The university did not undertake this huge exercise just to make sure that the researchers were pulling their weight. The assessment was a drill to prepare for the Research Excellence Framework (REF), a massive evaluation of the quality of research at every university and public research institute in the United Kingdom, which is set to take place in 2014.

The idea of the drill “was to identify areas where we could help people develop their profiles”, says Trevor McMillan, Lancaster University's pro-vice-chancellor for research. Happily, he says, the results suggested that the university would score more highly than it did on the most recent national evaluation, in 2008.

But other mock evaluations have proceeded less smoothly. In a survey of more than 7,000 UK academics published on 3 October by the University and College Union (UCU) in London, almost 12% reported having been told that failure to meet their university's REF benchmarks in a drill could lead them to be transferred to a teaching-only contract before the real REF (see go.nature.com/eqiirr). Almost 10% said that they faced denial of promotion. At Cardiff University, around ten academics were pressured to switch to teaching-focused contracts after they scored poorly on a practice exercise, so as not to drag down their department, says Peter Guest, an archaeologist at Cardiff and the university's UCU liaison on the REF. This form of game-playing is discouraged, but not expressly forbidden, by the REF — however, making career decisions solely on the basis of the evaluation is against the university's own policies, as well as those of many other institutions, says Guest.

Nature special: Impact

All of the Cardiff cases were resolved in a day or two, with managers being “forcefully reminded” of the rules by the UCU, says Guest. But the experience shows how tempting it is for institutions to make career decisions on the basis of predicted REF scores, which are highly subjective. This is neither reliable nor fair, says Guest. (In response to questions about the incident, a spokesman for the university said in an e-mail: “We have been running a long-term programme for over four years to ensure our academic staff are on contracts that reflect what they actually do.”)

Even many academics who did score well in the mock evaluations resent them. Around the United Kingdom, researchers view these national assessments as a bureaucratic imposition that can stifle creativity.

Under pressure

Most academics at Lancaster saw the mock REF as little more than a “mildly annoying” bit of bureaucracy, but the real thing is a different matter. “We have our department's top research professor working on preparing our REF submission, and it's taking up about a third of his time,” says one member of the mathematics and statistics department. “It seems like a waste of talent.” Too many researchers are focused on winning grants and trying to predict what kind of work will be rewarded in the next assessment, rather than doing the best science they can, says Dorothy Bishop, an experimental psychologist at the University of Oxford, UK. “I think a lot of science is just not very well done these days because people are trying to do too many things.”

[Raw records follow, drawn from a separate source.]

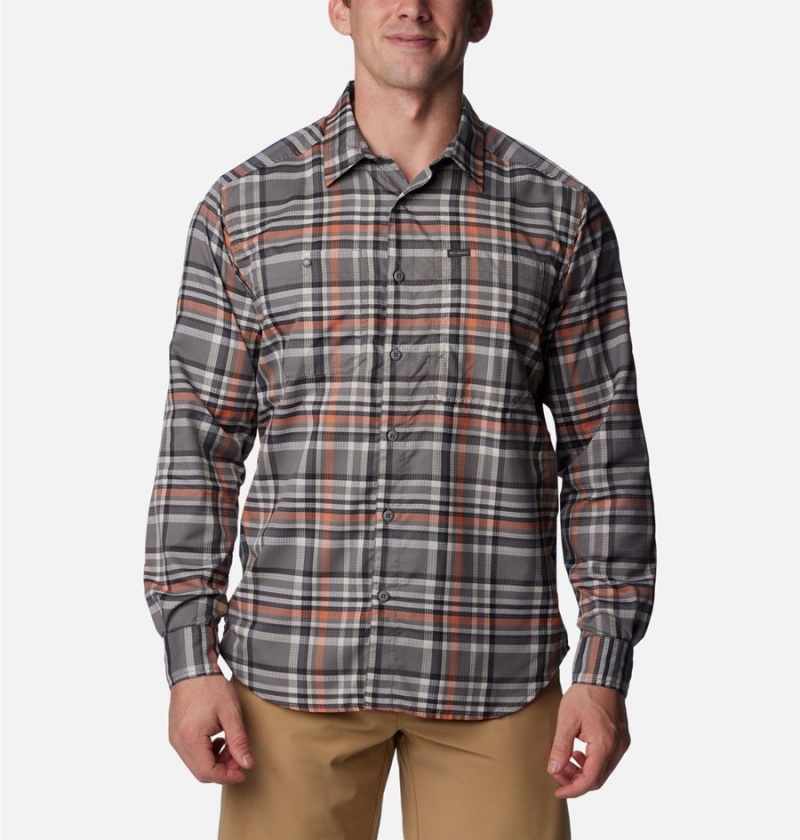 Grey Men\'s Columbia Silver Ridge Utility Lite Plaid Long Sleeve Shirt | QYZEC-9402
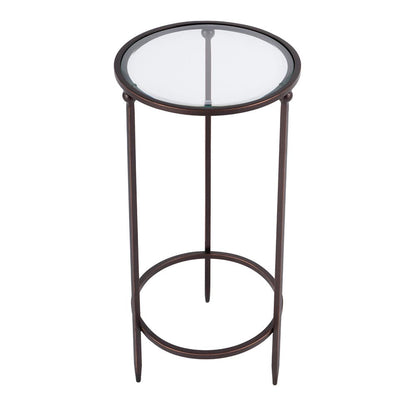 Butler Specialty Company - Lola 11 in. W Round Glass and Metal Side Table, Black - 5836025 View 2
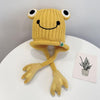 Children Cartoon Frog Woolen Hat Warm Knitted Hat Bomber Hat, Size: For 1-3 Years Old(Yellow)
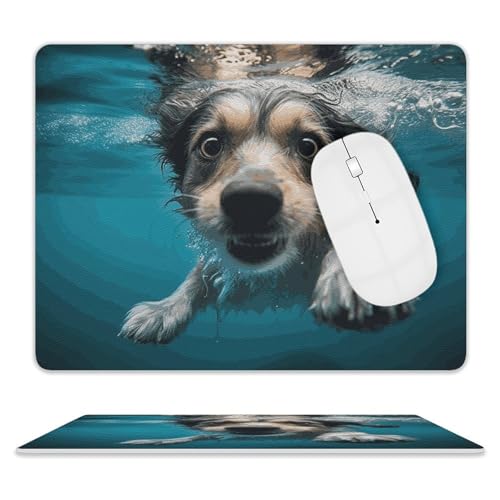 Rutschfeste Gummiunterseite, kleines Mauspad, quadratisch, 20,3 x 25,4 cm, Leder-Mauspad, Unterwasser-Hunde-Mauspad Rutschfeste Gummiunterseite, kleines Mauspad, quadratisch, 20,3 x 25,4 cm, Leder-Mauspad, Unterwasser-Hunde-Mauspad von HEBVNJF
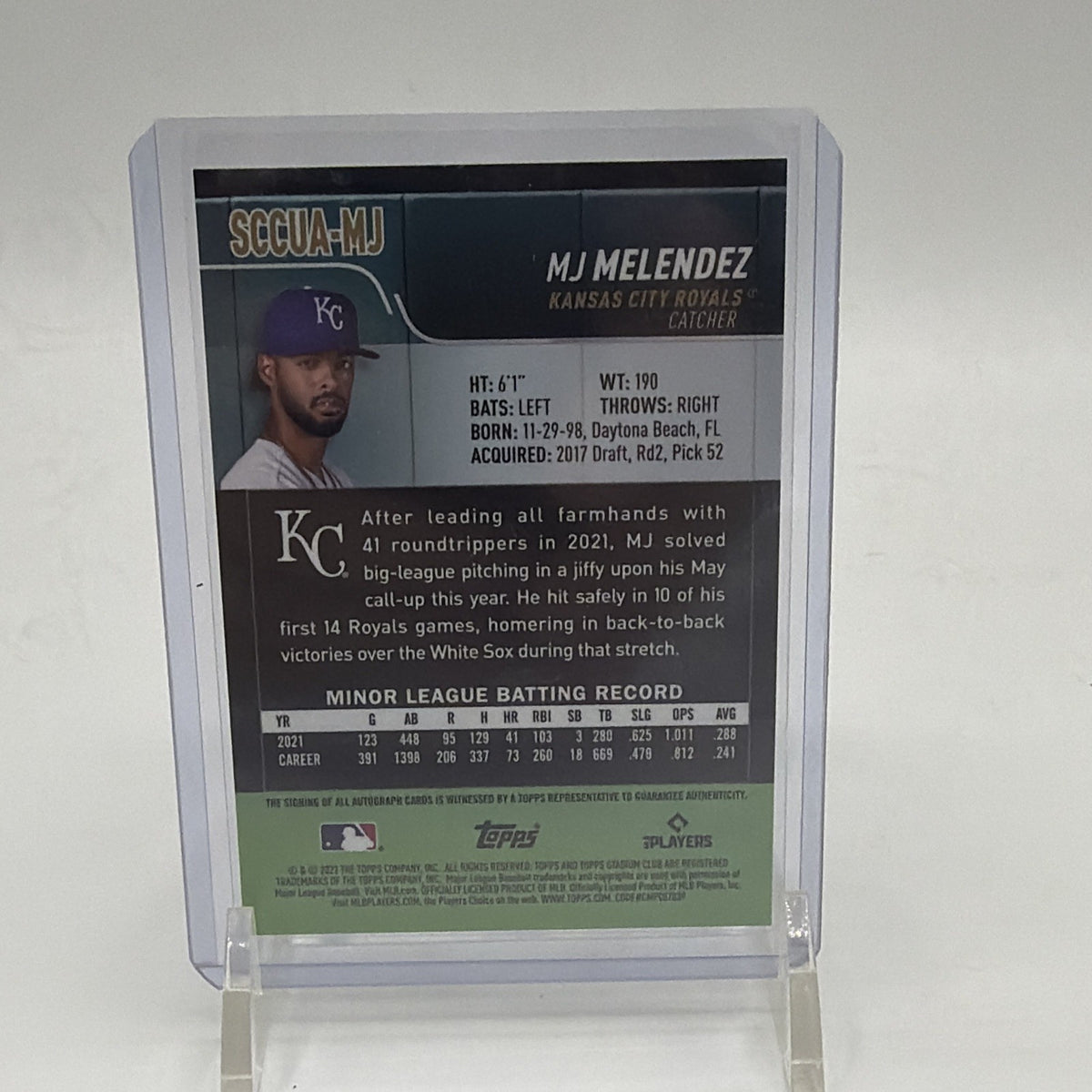 Detail of the back of MJ Melendez Stadium Club Chrome autograph #SCCUA-MJ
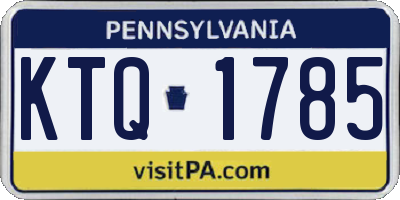 PA license plate KTQ1785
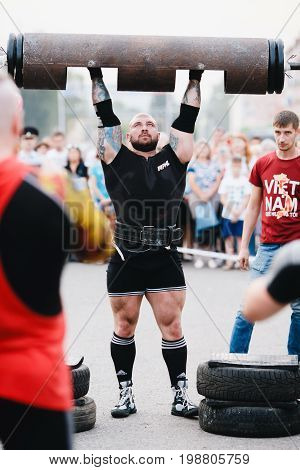 Osinniki, RUSSIA - July 28, 2017: Open festival on power extreme for Russian heroes bogatyrey.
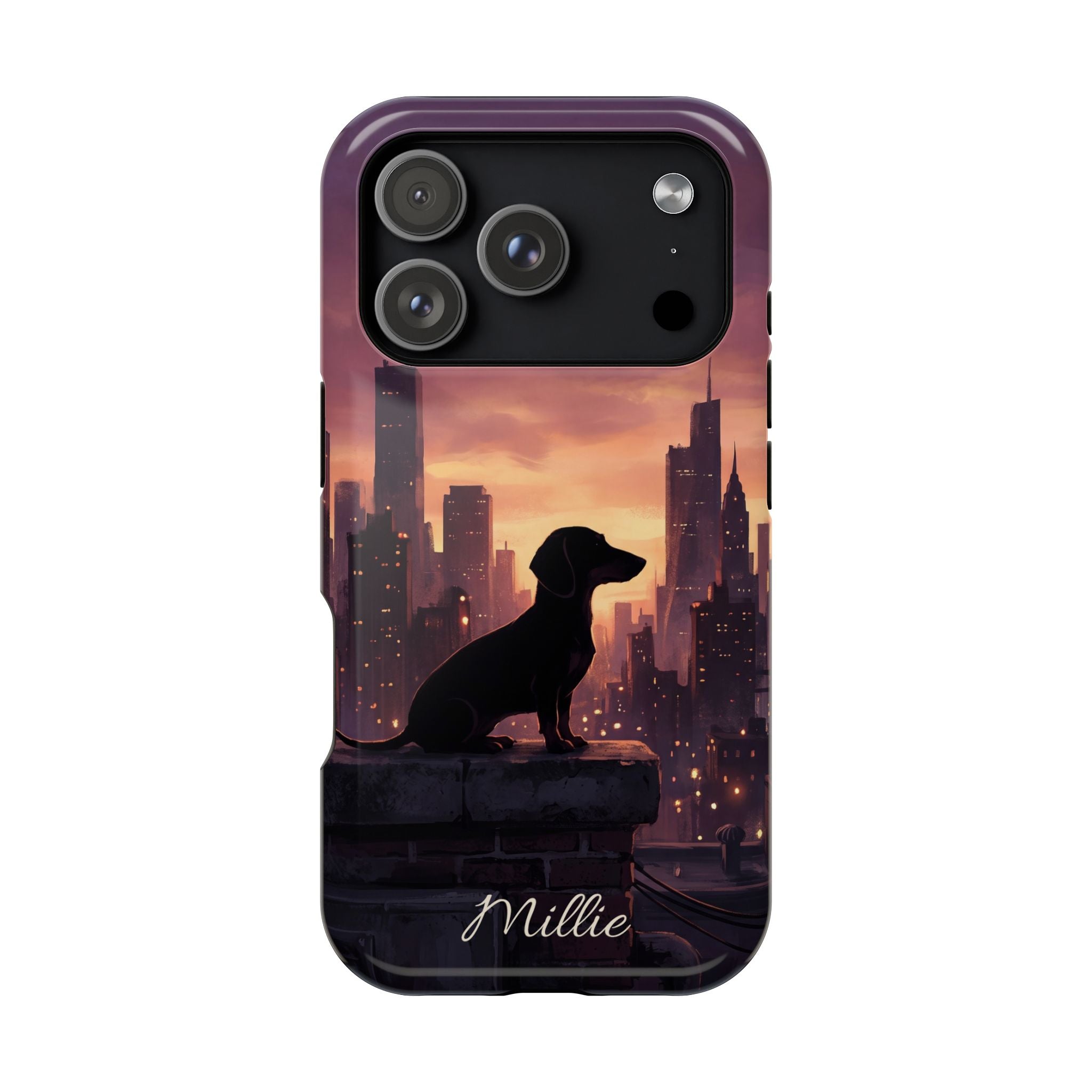 Personalized Dachshund City Skyline Phone Case — Wireless Charging Cover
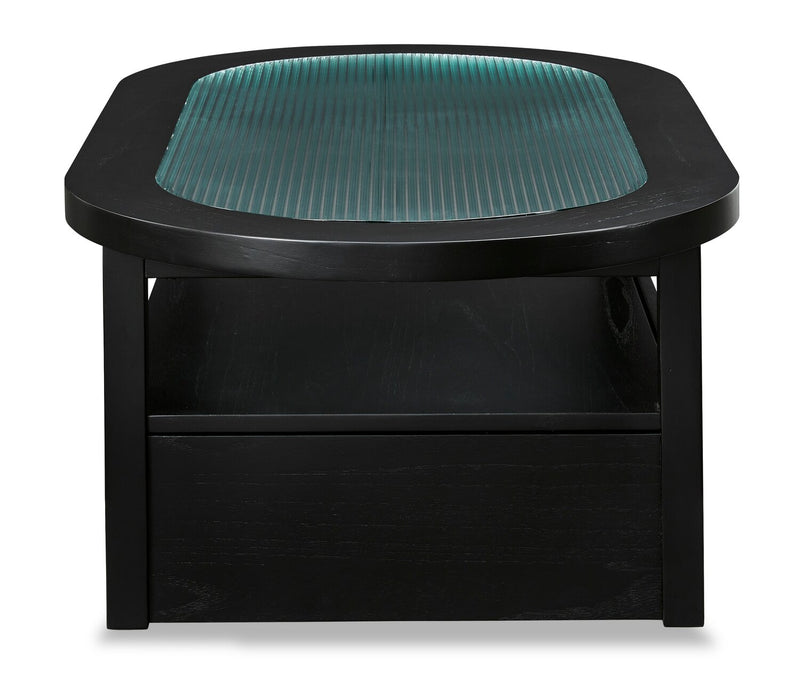 Table à café contemporaine Julian de 52 po en verre avec rangement et roulettes - noire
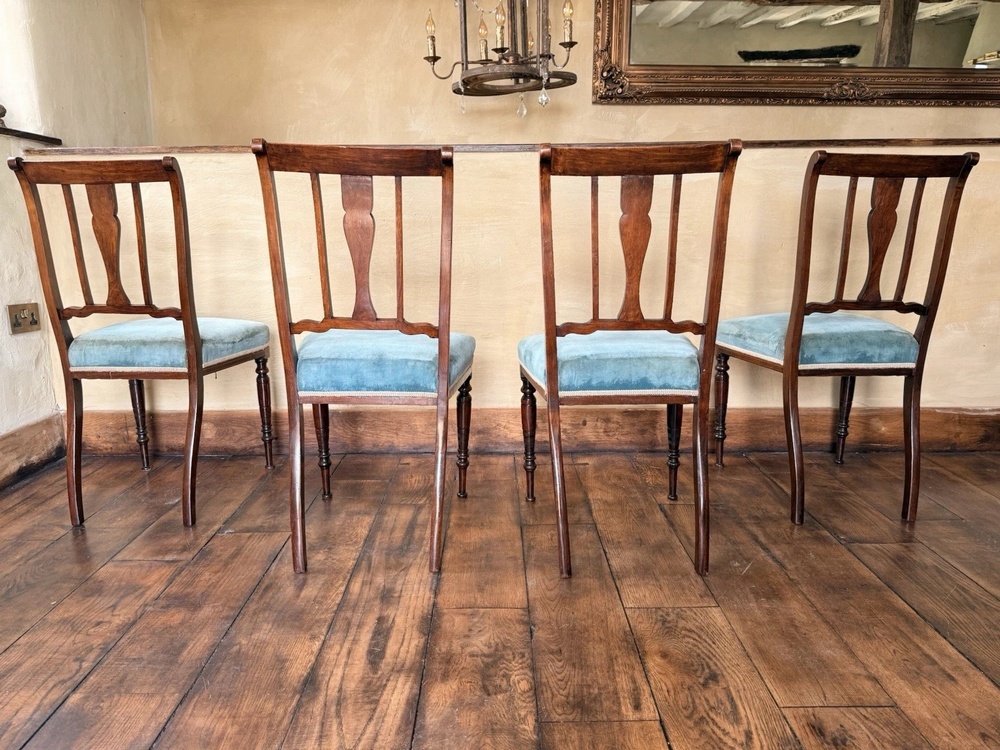 Elegant High Quality Antique Marquetry Blue Inlaid Rosewood Dining Side Chairs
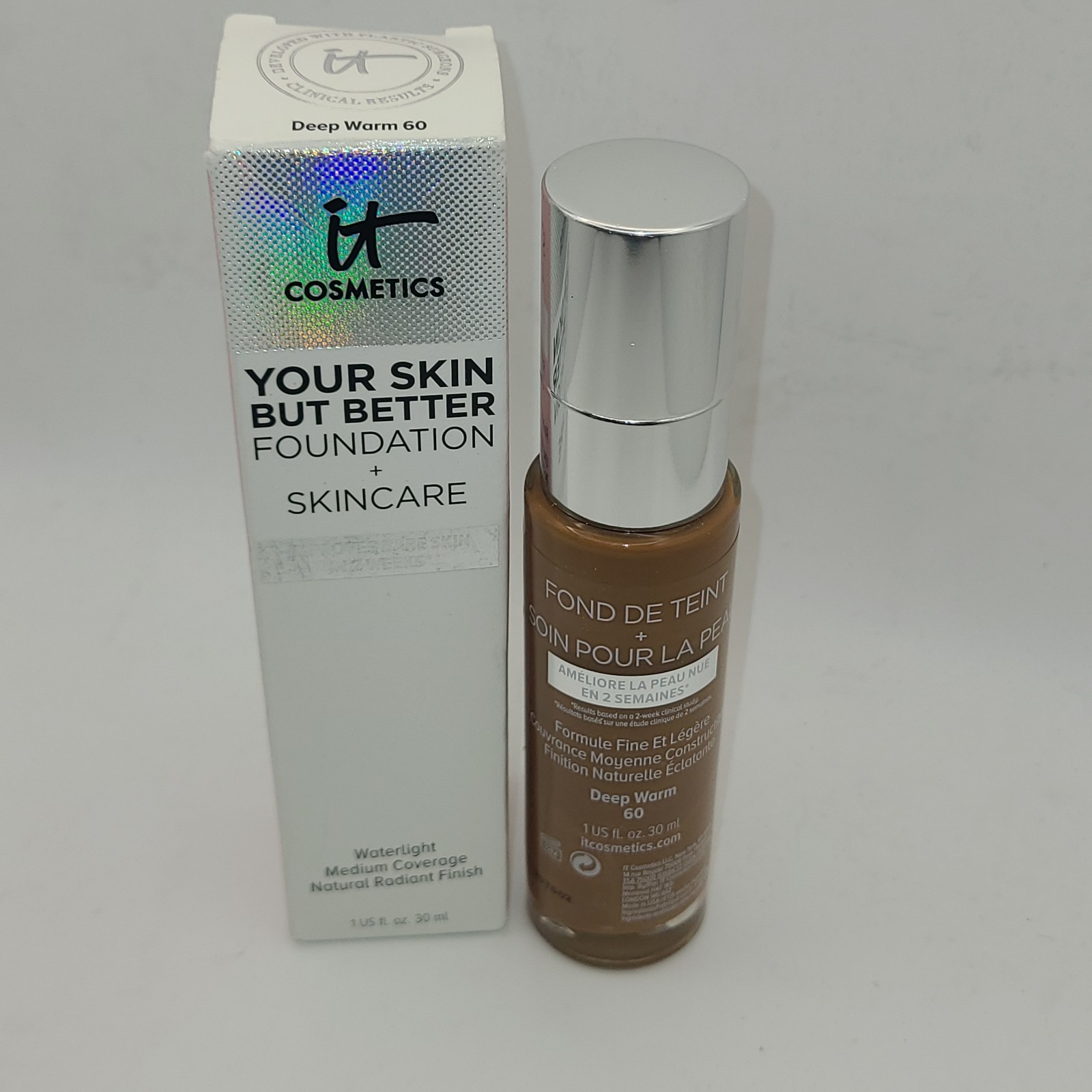 IT COSMETICS YOUR SKIN BUT BETTER FOUNDATION SKINCARE 1oz DEEP WARM 60
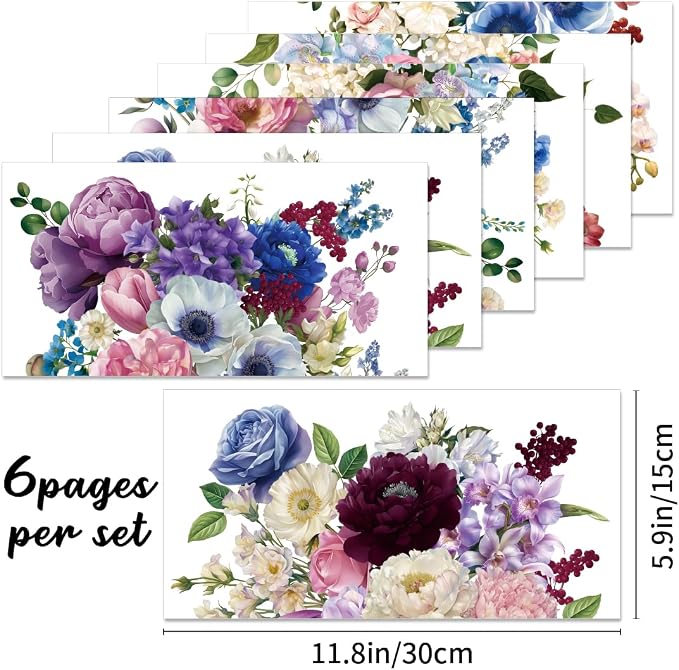 6 Sheets Watercolor Flower Rub on Transfers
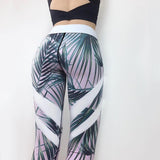 Maxbell Tropical Jungle Style Womens Yoga Leggings High Waist Elastic Sports Pants L
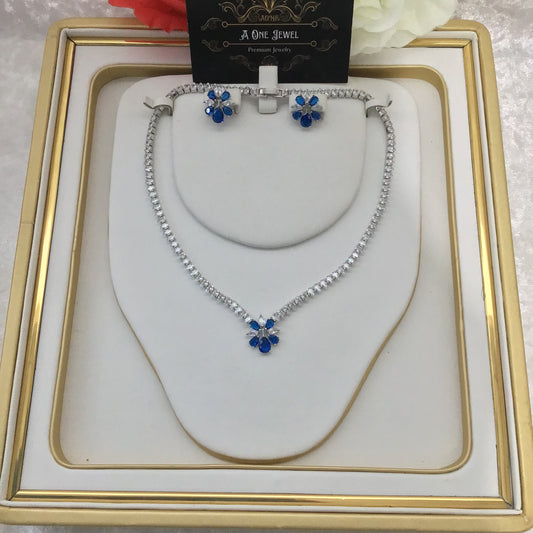 Exclusive Bridal Blue CZ Diamond Cubic Zirconia 2PCS Jewellery Set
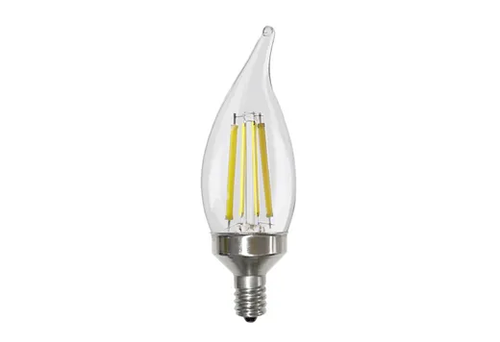Halco LED Filament Flame Tip CA11 Bulb Candelabra (E12) Base 5000K 8.8W 800 Lumens (75W Equiv) Clear Dimmable T20 Gen-4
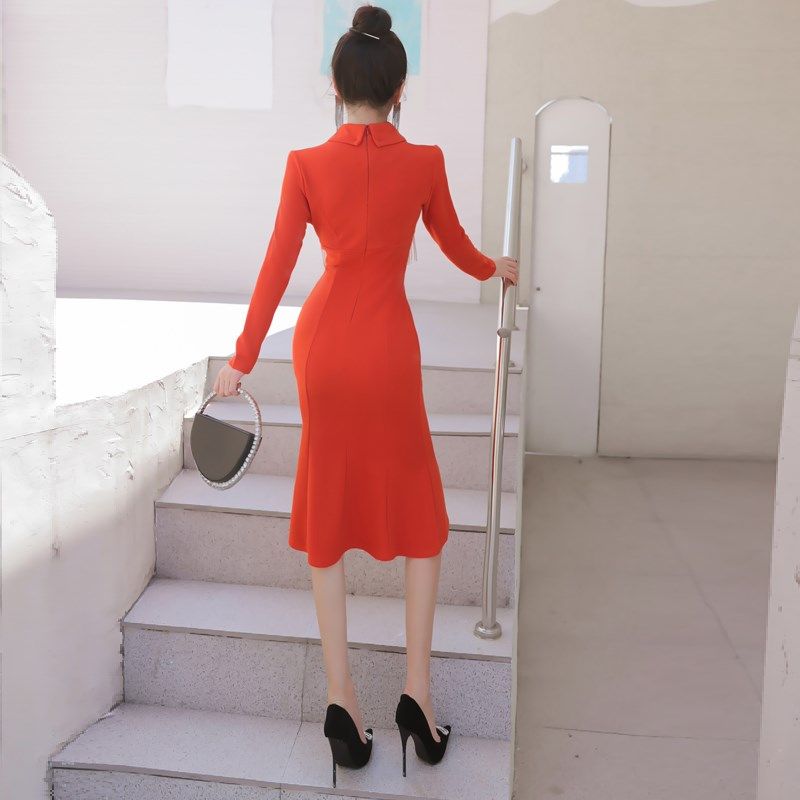 秋季简约职业气质西装连衣裙女修身鱼尾裙高级感名媛小个子礼服裙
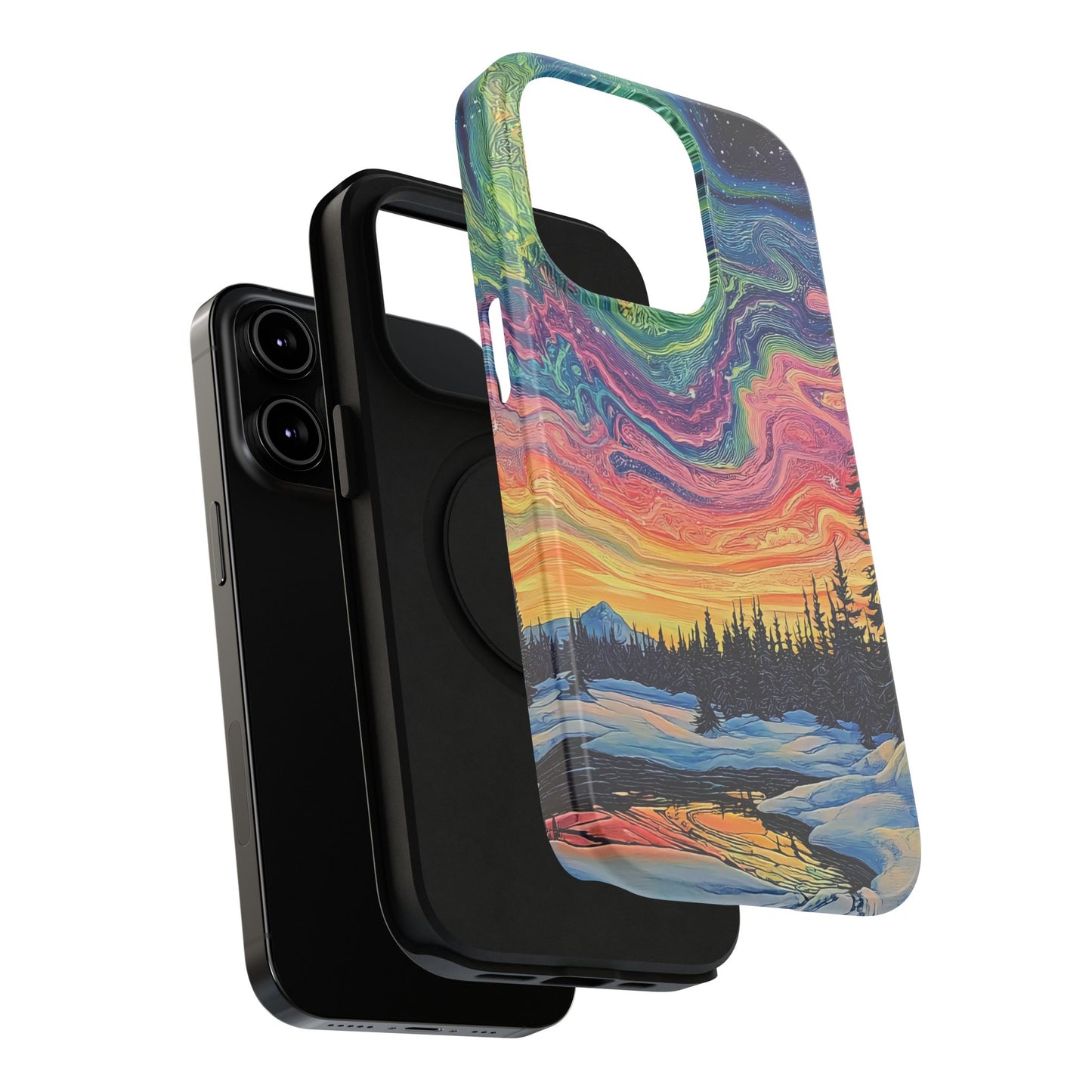 Nature-Inspired Impact-Resistant Phone Case - Vibrant Galaxy Sky Design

But university administrators and the government have come to rely on these evaluations to help them decide how to disburse funding. And the idea has been so popular with educational leaders that other countries are following the United Kingdom's example, with similar exercises cropping up in Australia, Italy, Germany and elsewhere.

In the late 1980s, the United Kingdom became the first country to systematically evaluate the quality of its university research. The REF is the latest incarnation of these check-ups. Previously known as the Research Assessment Exercise (RAE), the evaluations are widely credited with helping to improve the country's research system. Between 2006 and 2010, citations of UK articles grew by 7.2%, faster than the world average of 6.3%; and the country's share of citations grew by 0.9% per year, according to a 2011 analysis conducted by publishing company Elsevier for the government.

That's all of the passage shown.